▸ Task goal
The part below that opens with the line containing "SOLTAKO Sottobicchieri rustici" and closes with the line containing "Virgin Mary Stained" should be copied exactly, minus any pictures.

▸ Data records
***

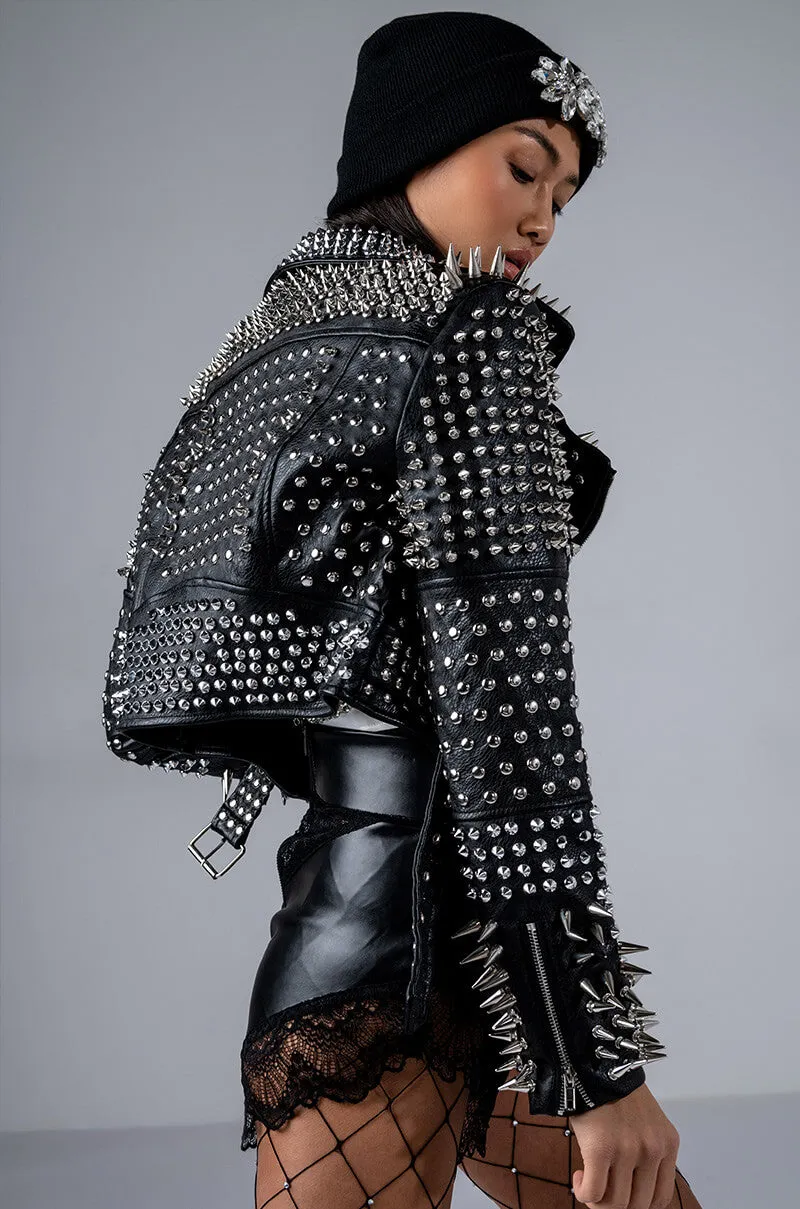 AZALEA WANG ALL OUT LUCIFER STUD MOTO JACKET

***

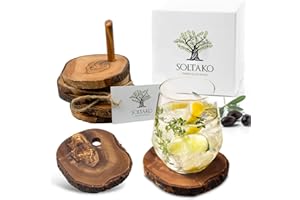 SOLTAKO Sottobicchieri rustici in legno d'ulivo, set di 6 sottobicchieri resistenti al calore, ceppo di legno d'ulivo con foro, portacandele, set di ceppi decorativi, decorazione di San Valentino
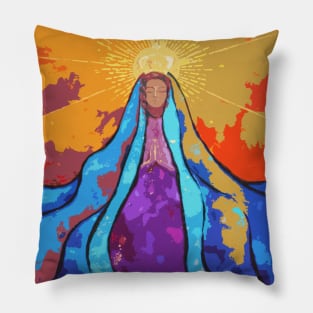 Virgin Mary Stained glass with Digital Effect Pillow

***

▸ Response below
 SOLTAKO Sottobicchieri rustici in legno d'ulivo, set di 6 sottobicchieri resistenti al calore, ceppo di legno d'ulivo con foro, portacandele, set di ceppi decorativi, decorazione di San Valentino
 Virgin Mary Stained glass with Digital Effect Pillow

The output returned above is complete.